Some notable Irish singers who sing songs in the Munster Irish dialect include Iarla Ó Lionáird, Nioclás Tóibín, Elizabeth Cronin, Labhrás Ó Cadhla, Muireann Nic Amhlaoibh, Seán de hÓra, Diarmuid Ó Súilleabháin, Seosaimhín Ní Bheaglaoich and Máire Ní Chéilleachair.

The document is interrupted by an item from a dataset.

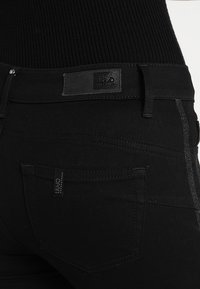 Svarta denimjeans med hög midja, läderlapp, subtila metalliska detaljer längs sidorna och bakfickor med varumärkeslogotyp.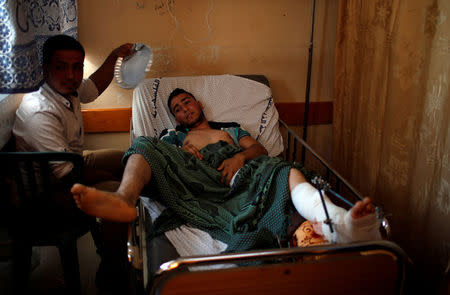 A man cools off an injured Palestinian as he lies on a bed at a hospital in Gaza City May 15, 2018. REUTERS/Mohammed Salem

Four of the most notable Irish writers as Gaeilge (in Irish) hail from the Munster Gaeltacht: Tomás Ó Criomhthain whose most well-known book is the autobiographical An tOileáineach (The Islandman). Peig and Machnamh Seanamhná (An Old Woman's Reflections) by Peig Sayers was a fixture on the secondary school Irish syllabus for several decades. The other two authors are Muiris Ó Súilleabháin with Fiche Bliain ag Fás (Twenty Years A-Growing) and Eilís Ní Shuilleabháin's Letters from the Great Blasket.